*** EXERCISE INPUTS Section Begins ***
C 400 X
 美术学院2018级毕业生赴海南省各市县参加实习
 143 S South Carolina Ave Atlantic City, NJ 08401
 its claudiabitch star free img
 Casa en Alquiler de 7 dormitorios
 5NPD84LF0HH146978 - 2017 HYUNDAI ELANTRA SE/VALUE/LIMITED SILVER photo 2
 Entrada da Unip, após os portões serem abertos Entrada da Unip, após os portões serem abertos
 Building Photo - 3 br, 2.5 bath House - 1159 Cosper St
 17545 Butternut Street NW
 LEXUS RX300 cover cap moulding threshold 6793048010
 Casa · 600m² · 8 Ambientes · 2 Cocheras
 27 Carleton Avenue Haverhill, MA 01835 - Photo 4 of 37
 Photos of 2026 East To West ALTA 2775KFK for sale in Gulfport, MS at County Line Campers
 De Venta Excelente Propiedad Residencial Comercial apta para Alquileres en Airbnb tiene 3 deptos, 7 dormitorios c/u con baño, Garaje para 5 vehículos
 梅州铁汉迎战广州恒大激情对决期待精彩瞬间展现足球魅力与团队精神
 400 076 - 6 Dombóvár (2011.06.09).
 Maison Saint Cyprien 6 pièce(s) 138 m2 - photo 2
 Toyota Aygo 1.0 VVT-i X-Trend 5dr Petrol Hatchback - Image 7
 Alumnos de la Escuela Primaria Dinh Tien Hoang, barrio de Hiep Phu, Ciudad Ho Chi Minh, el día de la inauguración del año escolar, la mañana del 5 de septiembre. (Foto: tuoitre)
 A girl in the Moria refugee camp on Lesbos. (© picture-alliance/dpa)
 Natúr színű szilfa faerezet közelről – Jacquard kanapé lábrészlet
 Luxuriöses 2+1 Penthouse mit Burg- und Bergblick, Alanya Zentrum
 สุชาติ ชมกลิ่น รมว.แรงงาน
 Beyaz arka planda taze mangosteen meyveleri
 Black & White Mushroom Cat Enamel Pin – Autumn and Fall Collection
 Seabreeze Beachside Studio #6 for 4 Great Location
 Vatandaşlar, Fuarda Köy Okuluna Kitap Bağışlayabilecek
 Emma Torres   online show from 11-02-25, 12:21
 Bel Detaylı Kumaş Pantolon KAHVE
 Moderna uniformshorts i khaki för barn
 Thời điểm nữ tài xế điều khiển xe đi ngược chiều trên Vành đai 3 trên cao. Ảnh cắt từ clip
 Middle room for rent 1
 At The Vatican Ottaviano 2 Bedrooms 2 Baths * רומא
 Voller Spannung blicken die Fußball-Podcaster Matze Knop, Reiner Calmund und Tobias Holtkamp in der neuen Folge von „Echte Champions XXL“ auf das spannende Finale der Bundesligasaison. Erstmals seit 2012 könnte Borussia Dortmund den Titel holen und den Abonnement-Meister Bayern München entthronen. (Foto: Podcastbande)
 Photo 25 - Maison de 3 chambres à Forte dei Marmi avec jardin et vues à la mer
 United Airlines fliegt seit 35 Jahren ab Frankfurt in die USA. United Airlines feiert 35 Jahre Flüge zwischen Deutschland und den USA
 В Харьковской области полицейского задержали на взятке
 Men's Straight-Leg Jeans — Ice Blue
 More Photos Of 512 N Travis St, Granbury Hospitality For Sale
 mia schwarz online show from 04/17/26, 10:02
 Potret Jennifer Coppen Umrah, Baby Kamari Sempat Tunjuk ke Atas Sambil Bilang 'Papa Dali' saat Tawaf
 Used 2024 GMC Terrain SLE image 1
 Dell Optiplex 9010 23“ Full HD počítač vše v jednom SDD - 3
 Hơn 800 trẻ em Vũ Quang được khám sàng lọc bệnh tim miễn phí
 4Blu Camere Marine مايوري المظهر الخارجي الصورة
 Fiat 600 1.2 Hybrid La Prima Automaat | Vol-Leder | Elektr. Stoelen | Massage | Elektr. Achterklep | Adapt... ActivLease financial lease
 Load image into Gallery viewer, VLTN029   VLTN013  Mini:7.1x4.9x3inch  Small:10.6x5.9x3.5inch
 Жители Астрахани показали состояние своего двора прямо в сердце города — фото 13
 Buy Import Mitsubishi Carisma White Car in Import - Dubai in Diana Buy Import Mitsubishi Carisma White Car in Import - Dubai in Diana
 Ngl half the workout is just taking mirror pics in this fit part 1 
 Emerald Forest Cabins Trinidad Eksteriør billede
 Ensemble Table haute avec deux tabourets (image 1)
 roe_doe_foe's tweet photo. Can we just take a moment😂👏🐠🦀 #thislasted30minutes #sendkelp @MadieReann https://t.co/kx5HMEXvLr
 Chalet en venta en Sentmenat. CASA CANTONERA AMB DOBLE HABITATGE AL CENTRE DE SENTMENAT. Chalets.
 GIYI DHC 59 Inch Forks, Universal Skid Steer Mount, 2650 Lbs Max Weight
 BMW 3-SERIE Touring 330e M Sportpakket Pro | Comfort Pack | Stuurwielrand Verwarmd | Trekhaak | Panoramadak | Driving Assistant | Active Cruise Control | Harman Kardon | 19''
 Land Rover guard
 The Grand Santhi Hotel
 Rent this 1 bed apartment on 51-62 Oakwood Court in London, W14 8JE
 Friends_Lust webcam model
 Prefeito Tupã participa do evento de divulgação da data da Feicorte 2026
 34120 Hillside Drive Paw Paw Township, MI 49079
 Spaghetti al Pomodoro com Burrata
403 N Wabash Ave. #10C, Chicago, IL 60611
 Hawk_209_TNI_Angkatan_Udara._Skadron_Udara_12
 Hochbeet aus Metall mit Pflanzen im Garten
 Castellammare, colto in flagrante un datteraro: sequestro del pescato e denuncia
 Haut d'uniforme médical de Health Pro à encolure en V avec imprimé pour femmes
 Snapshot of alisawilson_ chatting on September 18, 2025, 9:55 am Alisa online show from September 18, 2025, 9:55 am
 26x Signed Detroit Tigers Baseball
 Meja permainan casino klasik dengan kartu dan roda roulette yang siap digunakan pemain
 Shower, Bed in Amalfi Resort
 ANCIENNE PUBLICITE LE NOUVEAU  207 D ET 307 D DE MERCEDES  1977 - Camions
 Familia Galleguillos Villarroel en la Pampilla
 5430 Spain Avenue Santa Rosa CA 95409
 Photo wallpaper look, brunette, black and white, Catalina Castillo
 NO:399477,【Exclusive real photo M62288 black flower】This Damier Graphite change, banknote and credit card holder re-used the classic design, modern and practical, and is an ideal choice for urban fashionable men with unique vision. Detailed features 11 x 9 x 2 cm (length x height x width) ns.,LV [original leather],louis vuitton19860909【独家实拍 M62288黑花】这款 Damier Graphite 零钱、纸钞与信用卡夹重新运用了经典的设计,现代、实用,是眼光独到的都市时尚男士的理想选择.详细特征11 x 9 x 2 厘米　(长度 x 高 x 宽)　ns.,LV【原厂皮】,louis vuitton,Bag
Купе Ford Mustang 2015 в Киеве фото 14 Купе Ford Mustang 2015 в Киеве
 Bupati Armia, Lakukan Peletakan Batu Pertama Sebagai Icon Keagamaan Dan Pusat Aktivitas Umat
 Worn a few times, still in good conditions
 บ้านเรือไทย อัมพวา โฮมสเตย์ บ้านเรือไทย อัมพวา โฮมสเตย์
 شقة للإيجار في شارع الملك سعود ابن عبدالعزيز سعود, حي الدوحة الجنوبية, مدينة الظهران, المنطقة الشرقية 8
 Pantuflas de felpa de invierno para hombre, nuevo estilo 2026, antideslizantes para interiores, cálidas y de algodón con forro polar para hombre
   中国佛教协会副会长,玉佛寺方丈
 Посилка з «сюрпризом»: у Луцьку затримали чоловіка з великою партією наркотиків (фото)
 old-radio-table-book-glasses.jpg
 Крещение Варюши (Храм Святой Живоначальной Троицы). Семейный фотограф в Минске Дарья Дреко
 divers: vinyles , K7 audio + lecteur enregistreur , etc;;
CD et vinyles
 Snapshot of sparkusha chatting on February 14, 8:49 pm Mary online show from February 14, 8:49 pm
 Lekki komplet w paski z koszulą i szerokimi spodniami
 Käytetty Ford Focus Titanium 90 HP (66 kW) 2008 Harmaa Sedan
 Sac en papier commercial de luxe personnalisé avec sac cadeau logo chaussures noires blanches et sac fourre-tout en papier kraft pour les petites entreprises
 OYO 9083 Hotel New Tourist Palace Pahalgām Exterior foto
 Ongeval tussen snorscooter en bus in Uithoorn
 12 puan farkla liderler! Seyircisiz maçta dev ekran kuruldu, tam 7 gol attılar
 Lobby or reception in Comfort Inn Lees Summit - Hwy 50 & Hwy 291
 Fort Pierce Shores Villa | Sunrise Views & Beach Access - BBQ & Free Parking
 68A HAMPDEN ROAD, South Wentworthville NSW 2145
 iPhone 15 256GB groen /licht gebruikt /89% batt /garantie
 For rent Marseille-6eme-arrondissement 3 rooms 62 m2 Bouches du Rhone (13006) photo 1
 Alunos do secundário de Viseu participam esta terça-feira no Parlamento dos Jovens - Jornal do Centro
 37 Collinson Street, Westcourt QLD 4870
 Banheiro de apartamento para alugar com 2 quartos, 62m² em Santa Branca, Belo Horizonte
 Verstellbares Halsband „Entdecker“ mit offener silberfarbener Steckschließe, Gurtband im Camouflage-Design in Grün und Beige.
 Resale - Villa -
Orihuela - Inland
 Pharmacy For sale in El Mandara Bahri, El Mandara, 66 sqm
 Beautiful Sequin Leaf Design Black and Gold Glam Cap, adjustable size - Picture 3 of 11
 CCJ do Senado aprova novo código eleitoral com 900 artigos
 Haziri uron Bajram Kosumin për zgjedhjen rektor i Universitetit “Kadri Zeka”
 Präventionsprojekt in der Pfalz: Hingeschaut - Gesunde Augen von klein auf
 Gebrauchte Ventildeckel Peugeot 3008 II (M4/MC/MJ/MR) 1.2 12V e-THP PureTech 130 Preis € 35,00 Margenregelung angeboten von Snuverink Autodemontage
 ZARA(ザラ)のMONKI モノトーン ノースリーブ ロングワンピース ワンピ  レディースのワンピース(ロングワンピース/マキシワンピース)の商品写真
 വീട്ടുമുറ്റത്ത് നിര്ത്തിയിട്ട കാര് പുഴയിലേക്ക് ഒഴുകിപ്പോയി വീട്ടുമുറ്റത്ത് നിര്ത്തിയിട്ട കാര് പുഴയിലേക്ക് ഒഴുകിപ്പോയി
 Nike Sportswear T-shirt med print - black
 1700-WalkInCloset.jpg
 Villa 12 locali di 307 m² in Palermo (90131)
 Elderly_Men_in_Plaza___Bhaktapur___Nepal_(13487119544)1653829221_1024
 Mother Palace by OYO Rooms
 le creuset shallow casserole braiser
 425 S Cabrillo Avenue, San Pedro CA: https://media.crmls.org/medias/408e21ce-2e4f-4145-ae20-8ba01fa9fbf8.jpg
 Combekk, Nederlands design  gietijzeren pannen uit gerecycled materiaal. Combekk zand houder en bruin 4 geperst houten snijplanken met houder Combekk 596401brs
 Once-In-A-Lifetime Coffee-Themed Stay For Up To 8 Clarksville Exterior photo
*** EXERCISE INPUTS Section Ends ***
> WHAT YOU HAVE TO DO: From the records above, transcribe exactly the run of lines that opens with the line holding "Lekki komplet w" and closes with the line holding "Fort Pierce Shores", both included.

> OUTPUT BELOW:
 Lekki komplet w paski z koszulą i szerokimi spodniami
 Käytetty Ford Focus Titanium 90 HP (66 kW) 2008 Harmaa Sedan
 Sac en papier commercial de luxe personnalisé avec sac cadeau logo chaussures noires blanches et sac fourre-tout en papier kraft pour les petites entreprises
 OYO 9083 Hotel New Tourist Palace Pahalgām Exterior foto
 Ongeval tussen snorscooter en bus in Uithoorn
 12 puan farkla liderler! Seyircisiz maçta dev ekran kuruldu, tam 7 gol attılar
 Lobby or reception in Comfort Inn Lees Summit - Hwy 50 & Hwy 291
 Fort Pierce Shores Villa | Sunrise Views & Beach Access - BBQ & Free Parking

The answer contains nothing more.